Justin Randolph Thompson is a sculptor, media artist and musician. He was born in Peekskill, NY in 1979. He lives in Florence, Italy. Thompson’s work explores the meanings of cultural relics and the transformation of their meanings in the context of displacement and diaspora. With an aesthetic practice that is largely collaborative and interdisciplinary, he creates platforms and interprets community as temporary monuments. His work aims to deepen the debate on socio-cultural stratifications and hierarchical organizations by outlining hybrid, non-linear connections in history and in current socio-political discourse through installations and sound performances.
Thompson founded Black History Month Florence together with Andre Halyard in 2016 as a cross venue initiative designed to highlight the cultures of African Diasporic communities in the city of Florence and throughout Italy more generally.
On Being Present is a project curated by Justin Randolph Thompson for the Uffizi Galleries concerning the presence of Black figures in Renaissance paintings of their collection. The two-year virtual exhibition and research project invites a range of scholars to write focusing on a series of artworks in which Black Africans play a major role or embody a pivotal character in the dynamic of the work.

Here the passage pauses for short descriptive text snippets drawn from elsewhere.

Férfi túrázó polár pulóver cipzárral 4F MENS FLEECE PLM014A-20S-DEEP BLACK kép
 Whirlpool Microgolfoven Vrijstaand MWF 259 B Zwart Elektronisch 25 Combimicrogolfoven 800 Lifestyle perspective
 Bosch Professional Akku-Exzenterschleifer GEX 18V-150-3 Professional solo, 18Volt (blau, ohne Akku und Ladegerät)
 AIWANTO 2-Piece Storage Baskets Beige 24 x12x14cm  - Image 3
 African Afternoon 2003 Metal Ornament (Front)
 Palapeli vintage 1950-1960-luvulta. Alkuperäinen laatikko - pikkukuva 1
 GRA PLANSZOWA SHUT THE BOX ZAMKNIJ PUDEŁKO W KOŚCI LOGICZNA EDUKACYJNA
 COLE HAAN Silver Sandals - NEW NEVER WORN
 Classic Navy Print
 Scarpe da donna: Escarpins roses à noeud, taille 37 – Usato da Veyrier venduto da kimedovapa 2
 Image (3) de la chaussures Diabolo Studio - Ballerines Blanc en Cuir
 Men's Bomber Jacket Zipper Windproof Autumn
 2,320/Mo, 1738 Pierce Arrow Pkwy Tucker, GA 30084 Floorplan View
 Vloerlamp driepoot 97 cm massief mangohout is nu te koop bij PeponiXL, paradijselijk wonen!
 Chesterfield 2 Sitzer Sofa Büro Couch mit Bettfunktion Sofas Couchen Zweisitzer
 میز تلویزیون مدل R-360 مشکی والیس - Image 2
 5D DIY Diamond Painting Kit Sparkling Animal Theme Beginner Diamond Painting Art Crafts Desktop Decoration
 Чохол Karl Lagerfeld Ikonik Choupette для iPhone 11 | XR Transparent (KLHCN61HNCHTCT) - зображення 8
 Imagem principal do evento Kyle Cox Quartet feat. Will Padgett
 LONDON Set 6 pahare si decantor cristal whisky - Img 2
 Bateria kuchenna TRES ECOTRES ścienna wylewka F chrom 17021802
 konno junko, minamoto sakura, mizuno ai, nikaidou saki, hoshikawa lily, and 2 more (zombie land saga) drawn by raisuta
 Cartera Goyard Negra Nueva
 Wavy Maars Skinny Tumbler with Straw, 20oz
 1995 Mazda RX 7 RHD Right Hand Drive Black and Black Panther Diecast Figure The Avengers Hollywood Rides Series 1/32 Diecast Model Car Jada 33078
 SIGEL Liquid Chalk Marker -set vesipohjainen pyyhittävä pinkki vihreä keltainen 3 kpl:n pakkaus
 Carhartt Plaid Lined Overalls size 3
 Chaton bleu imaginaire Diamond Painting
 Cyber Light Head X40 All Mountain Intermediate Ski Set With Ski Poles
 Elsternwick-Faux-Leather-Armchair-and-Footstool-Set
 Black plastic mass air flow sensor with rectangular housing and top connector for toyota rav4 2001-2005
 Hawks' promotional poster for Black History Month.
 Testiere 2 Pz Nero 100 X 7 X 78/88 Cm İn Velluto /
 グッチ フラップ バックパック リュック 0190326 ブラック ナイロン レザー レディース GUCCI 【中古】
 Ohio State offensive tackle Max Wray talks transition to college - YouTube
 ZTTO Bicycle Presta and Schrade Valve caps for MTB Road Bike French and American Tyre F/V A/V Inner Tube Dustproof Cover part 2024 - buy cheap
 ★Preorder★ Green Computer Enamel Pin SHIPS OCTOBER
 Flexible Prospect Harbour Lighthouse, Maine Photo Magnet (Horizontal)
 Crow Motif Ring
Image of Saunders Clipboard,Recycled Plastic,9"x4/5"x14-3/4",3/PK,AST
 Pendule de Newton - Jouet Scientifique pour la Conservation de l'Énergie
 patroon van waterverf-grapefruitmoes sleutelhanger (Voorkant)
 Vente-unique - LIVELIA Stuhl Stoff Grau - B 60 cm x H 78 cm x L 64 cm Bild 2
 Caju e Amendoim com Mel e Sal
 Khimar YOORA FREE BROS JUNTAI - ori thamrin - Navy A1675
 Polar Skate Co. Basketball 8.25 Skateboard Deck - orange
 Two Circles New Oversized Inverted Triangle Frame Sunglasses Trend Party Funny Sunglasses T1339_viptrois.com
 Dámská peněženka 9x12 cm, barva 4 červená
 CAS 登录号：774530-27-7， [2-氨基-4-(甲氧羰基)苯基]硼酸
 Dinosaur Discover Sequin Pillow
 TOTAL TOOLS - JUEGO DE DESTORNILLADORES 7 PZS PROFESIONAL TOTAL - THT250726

On Being Present Volume I and Volume II.
Crumbs in the Musicians Mouth and other works
Mixed media sculptures
In collaboration with Dame Mbaye, Bangali Cissokho
Exibition views, Villa Romana Florence
2018
The works have been created in the framework of the artistic research and exchange project Seeds For Future Memories, a cooperation between the artist residencies Thread in Sinthian, Senegal and Villa Romana in Florence, Italy in 2018 and 2019.
Tempus Tacendi
Video
2016
Tempus Tacendi (A time for silence) is a film that re-contextualizes Italian colonial narratives of migration through diasporic displacement and non-performative theatre. Drawing upon texts from playwright Vincenzo Martini’s Misantropia nella Società and Cose Affricane by his son, Ferdinando Martini, Governor of Eritrea during the Italian Colonial occupation, the piece is a non-linear meditation on Blackness and kin undercut by a capitalistic critique found in Ezra Pound’s Pisan Cantos.